Realitas sosial yang ideal

Masyarakat dapat mencapai kerukunan dengan syarat harus mulai menanamkan kesadaran diri dari masing-masing individu. Oleh karena itu, mereka diwajibkan menjaga pola perilaku baik sopan santun, tenggang rasa, solidaritas sosial sesuai dengan tatanan hidupnya masing-masing (subjektivitas pribadi), supaya bisa mencapai kehidupan idealnya. Ideal dengan tidak mengganggu atau merugikan orang lain, yang bahkan hal tersebut merupakan wawasan umum atau pemahaman yang hampir diketahui oleh setiap orang, mulai dari orang yang beragama maupun tidak.

Jika melihat pada kacamata teori sosial, ada seorang tokoh sosiolog asal Amerika Serikat yang cukup terkenal yakni Tacott Parsons yang berpendapat bahwa di dalam realitas sosial terdapat struktur yang tersistem di dalam masyarakat serta berada dalam keseimbangan dinamis. Berdampak pada pola kehidupan masyarakat menjadi harmonis, karena ada keteraturan yang dipertahankan oleh berbagai elemen masyarakat. Dengan kata lain, setiap individu atau masyarakat sudah memiliki fungsinya masing-masing, berjalan sesuai peran, sehingga diharapkan untuk tidak merugikan individu lainnya, meskipun akan tercipta pola yang membuat masyarakat saling bergantung satu sama lain.

Teori ini merujuk pada integrasi sosial yang menjadi fungsi vital dalam sebuah sistem sosial. Masyarakat ideal, sejahtera, tentram tanpa ada campur tangan “konflik kepentingan dan kebenaran”. Pespektif yang menganalisa masyarakat sebagai satu kesatuan yang utuh, sistem sosial dinamis, dan terdapat hubungan timbal balik.

Mewujudkan keharmonisan

Harapan hidup harmonis harus didampingi dengan usaha yang kuat, pantang menyerah dan juga diniatkan dengan diri mampu menerima konsekuensi atas pilihan perilaku yang diperankan. Upaya yang dilakukan demi kehidupan yang tentram, serasi, dan teratur. Memang semua kembali pada diri sendiri, namun dengan menjadi contoh pribadi yang bijak, satu orang saja bisa mempengaruhi orang lain.

Menjaga kewibawaan atas setiap perilaku atau ucapan adalah jalan yang harus ditempuh bagi kelompok yang menginginkan keteraturan sosial serta didorong dengan pengukuhan maupun penegakan hukum, norma, nilai di masyarakat. Seyogyanya kelompok masyarakat dapat konsisten terhadap nilai atau norma sosial yang dipegang teguh.

Untuk memulai langkah kehidupan yang teratur secara normatif perlu merekonstruksi sikap toleransi, multikulturalisme dan gotong royong.

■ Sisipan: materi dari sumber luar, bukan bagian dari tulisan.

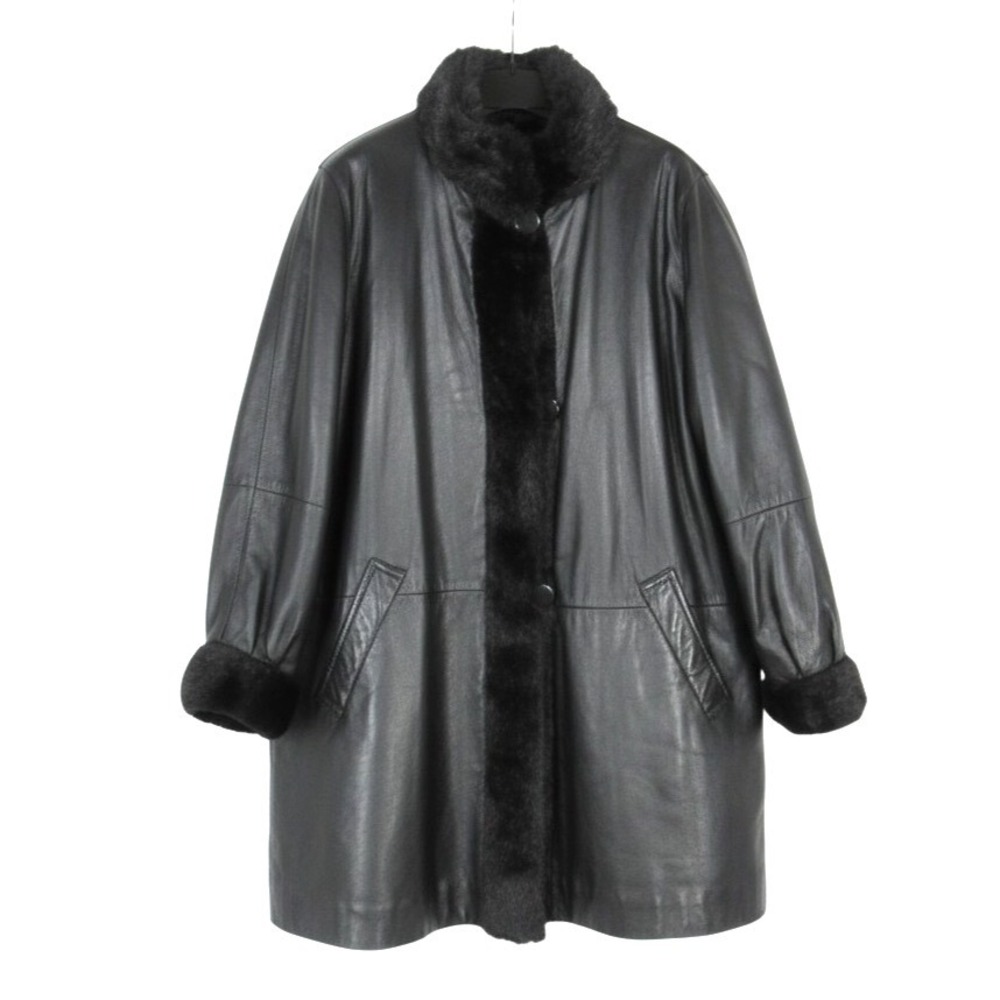 VTG J. PERCY By MARVIN RICHARDS Black LEATHER/FAUX FUR Reversible JACKET COAT L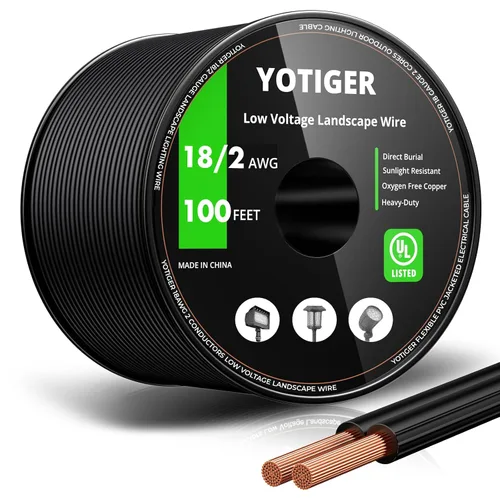 Vista 8 de YOTIGER Cable de Cobre para Iluminación de Paisaje de Bajo Voltaje 14/2 de 100 Pies - Cable de Bajo Voltaje de Calibre 14 de 2 Conductores - Cable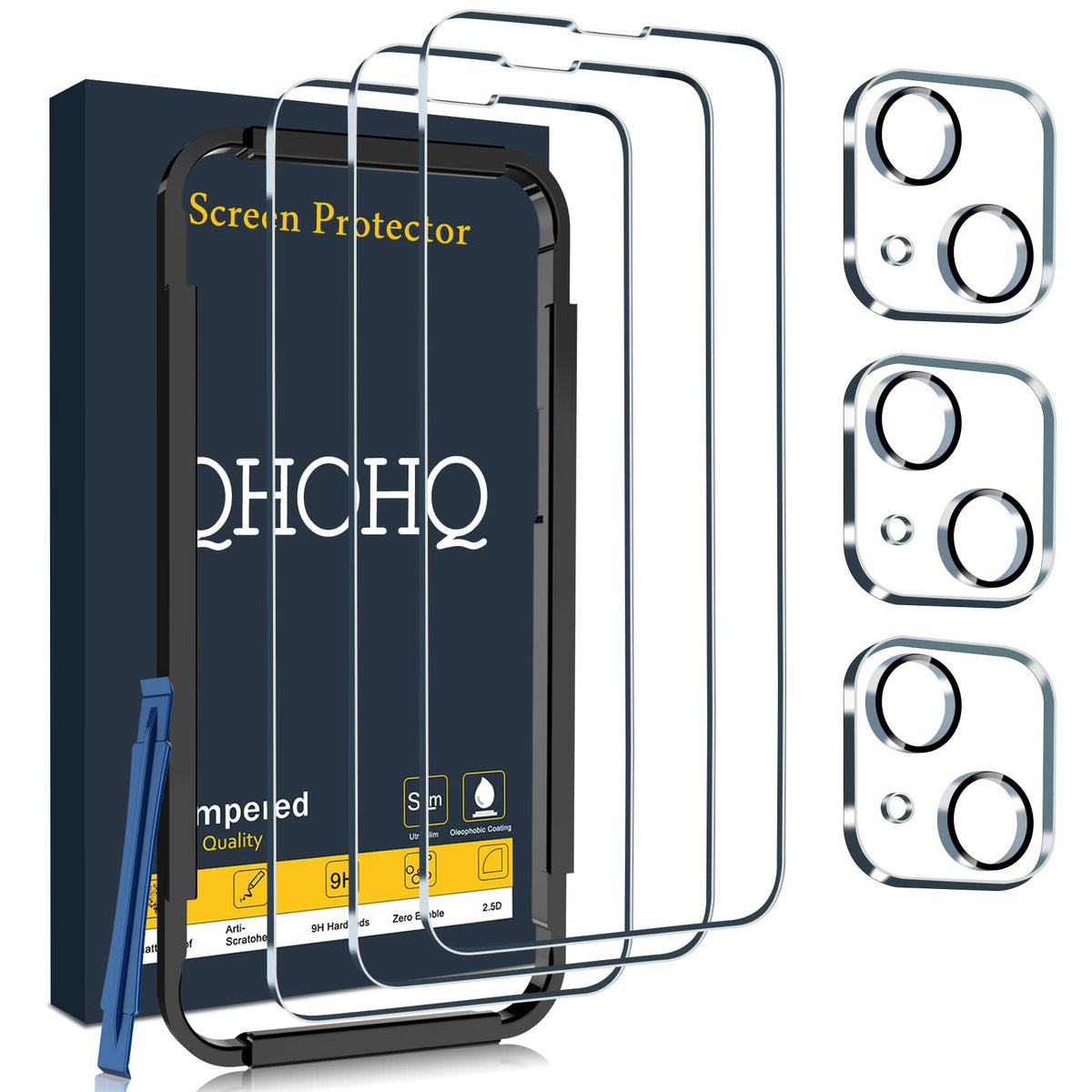 QHOHQ 3 Pack Screen Protector for iPhone 13 Pro 6.1 Inch with 3 Pack Tempered Glass Camera Lens Protector, Ultra HD, 9H Hardness, Scratch Resistant - Case Friendly [Not fit iPhone 13 Pro Max 6.7"]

Manusia harus menjauhi perilaku yang menciderai hidup bermasyarakat seperti diskriminasi, dikotomi, stereotipe maupun segala stigma buruk terhadap individu atau kelompok lainnya. Selain itu, merasa diri lebih baik dari yang lain, sombong, arogansi yang tinggi perlu dihindari dalam hidup bermasyarakat.

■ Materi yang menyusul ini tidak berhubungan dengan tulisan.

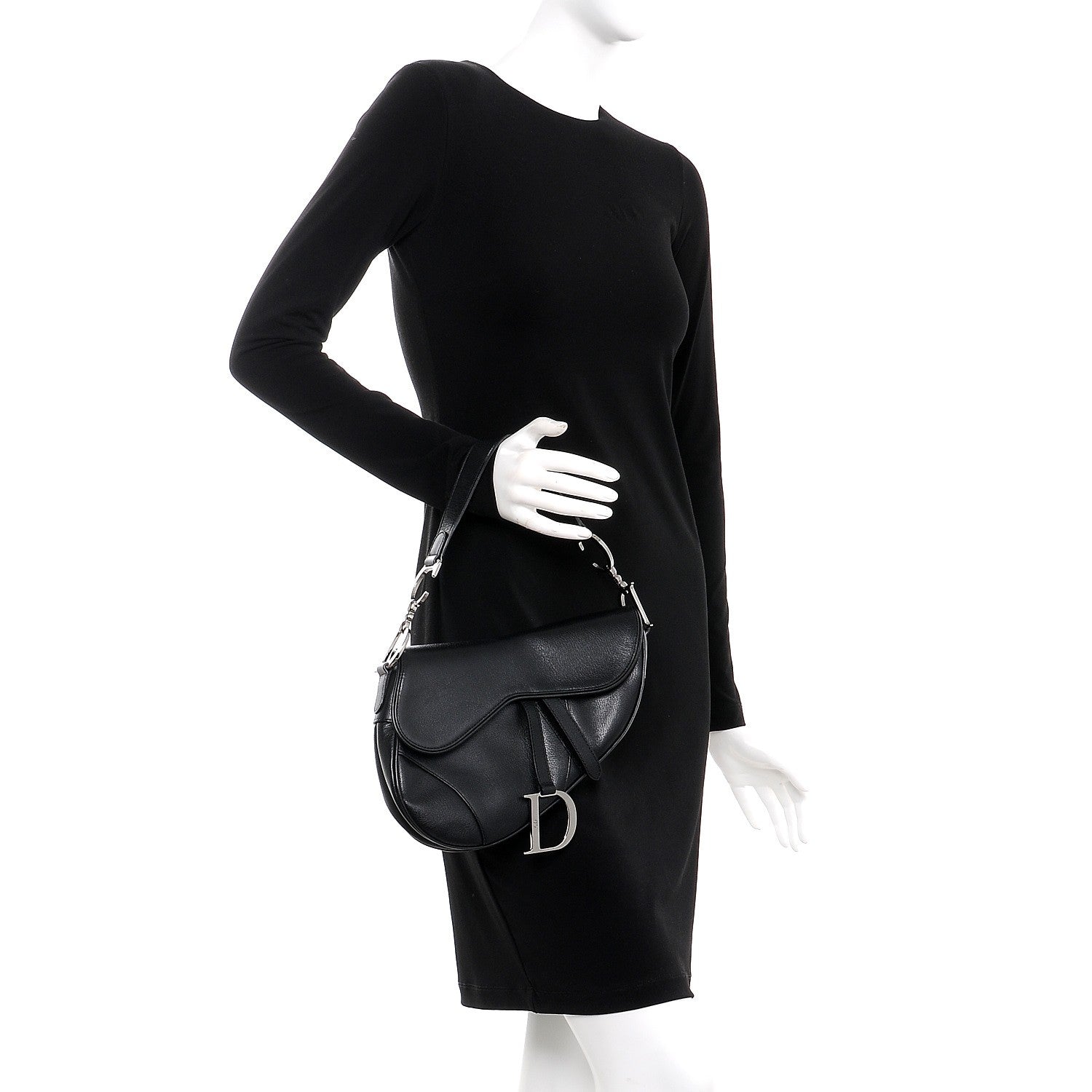 Christian Dior Calfskin Saddle Bag Black 2 of 9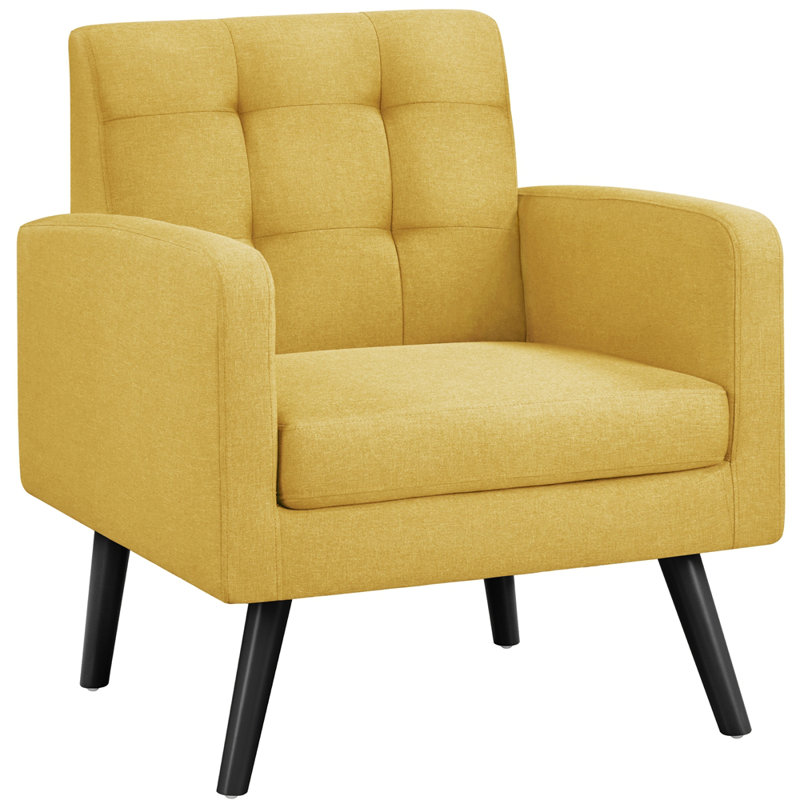 Fauteuil en simili cuir avec pieds en bois massif Bakhyt, Mélange de polyester jaune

Dengan optimis yang didukung oleh tindakan atau usaha konkret beserta ikhlas menjalankan apa yang sedang direncanakan, maka bukan tidak mungkin hasil akan tercapai. Dalam hidup tercapainya suatu hal harus diukur secara rasional, jangan sampai manusia memiliki keinginan yang tinggi, namun tanpa tindakan atau usaha yang kuat dan pantang menyerah. Selalu belajar dari kegagalan merupakan modal utama untuk menyelesaikan dengan lancar tugas atau target.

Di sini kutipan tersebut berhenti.